§ **SUPPLIED RECORDS**
* * *

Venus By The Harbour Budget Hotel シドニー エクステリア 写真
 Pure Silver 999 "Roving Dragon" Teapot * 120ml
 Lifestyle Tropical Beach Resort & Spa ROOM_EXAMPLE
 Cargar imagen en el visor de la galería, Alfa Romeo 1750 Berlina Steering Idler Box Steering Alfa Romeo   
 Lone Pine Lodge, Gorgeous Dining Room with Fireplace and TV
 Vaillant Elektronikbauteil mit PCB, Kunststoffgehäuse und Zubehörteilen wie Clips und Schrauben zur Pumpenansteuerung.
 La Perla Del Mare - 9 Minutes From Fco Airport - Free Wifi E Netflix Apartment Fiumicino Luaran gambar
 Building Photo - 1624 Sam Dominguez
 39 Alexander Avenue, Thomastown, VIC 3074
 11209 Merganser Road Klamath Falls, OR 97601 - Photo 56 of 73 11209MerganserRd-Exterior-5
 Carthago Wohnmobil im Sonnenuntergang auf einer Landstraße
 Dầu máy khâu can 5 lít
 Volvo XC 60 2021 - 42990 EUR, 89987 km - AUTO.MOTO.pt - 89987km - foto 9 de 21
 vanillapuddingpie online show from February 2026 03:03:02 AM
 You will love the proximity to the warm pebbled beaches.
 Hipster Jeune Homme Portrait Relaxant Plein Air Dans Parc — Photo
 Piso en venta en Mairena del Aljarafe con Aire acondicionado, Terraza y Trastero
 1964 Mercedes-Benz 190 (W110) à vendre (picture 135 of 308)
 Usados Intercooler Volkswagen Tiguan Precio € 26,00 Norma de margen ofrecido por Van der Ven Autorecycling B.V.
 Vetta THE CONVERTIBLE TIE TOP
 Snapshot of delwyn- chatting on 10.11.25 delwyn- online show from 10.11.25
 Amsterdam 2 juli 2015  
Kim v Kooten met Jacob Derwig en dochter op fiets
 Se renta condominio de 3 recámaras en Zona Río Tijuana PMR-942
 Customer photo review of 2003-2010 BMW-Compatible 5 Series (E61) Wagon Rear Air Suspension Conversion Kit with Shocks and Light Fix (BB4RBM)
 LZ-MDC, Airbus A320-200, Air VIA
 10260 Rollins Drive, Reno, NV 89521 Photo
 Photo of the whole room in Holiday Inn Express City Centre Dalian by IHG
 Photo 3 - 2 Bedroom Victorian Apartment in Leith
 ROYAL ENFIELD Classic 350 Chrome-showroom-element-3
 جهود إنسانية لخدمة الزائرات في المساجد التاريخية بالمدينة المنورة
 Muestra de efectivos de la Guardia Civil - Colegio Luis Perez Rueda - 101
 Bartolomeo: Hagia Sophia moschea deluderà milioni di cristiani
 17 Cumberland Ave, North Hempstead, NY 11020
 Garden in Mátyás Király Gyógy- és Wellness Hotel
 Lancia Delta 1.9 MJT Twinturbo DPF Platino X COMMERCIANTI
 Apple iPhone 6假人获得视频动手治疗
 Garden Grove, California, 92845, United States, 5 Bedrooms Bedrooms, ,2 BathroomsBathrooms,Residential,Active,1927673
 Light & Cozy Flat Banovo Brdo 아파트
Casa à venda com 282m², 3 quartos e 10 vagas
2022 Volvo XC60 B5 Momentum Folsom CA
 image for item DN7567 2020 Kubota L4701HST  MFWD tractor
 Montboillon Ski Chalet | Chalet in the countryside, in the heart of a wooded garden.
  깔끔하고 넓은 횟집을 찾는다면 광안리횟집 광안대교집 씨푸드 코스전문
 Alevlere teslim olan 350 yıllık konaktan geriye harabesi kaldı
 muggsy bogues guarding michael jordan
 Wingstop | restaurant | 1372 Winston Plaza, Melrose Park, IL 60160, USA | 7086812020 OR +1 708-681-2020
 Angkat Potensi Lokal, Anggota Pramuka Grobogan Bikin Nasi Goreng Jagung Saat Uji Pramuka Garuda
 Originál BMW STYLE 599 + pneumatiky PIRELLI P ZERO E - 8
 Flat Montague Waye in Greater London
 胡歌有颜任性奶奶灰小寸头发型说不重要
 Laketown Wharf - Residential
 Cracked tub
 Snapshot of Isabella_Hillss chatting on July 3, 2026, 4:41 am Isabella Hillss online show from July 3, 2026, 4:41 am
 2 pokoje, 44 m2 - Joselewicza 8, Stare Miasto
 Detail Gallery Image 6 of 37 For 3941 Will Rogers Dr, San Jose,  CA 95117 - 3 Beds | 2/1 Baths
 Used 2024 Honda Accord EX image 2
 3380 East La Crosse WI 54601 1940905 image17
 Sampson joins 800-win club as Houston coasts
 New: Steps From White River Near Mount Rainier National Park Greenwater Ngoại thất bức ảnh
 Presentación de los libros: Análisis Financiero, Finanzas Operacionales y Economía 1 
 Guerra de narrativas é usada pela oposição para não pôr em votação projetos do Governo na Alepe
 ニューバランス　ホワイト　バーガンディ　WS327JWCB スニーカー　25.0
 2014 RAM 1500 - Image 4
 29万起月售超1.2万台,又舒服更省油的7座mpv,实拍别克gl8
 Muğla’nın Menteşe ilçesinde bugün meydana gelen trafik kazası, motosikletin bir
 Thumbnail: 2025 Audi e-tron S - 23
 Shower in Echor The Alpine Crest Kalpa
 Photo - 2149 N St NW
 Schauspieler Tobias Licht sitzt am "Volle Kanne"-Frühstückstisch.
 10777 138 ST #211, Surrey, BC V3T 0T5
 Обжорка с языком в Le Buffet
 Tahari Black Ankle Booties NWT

* * *

§ **EXERCISE PROMPT**
Go through the records and report each line that contains "online".

§ **ANSWER SECTION**
 vanillapuddingpie online show from February 2026 03:03:02 AM
 Snapshot of delwyn- chatting on 10.11.25 delwyn- online show from 10.11.25
 Snapshot of Isabella_Hillss chatting on July 3, 2026, 4:41 am Isabella Hillss online show from July 3, 2026, 4:41 am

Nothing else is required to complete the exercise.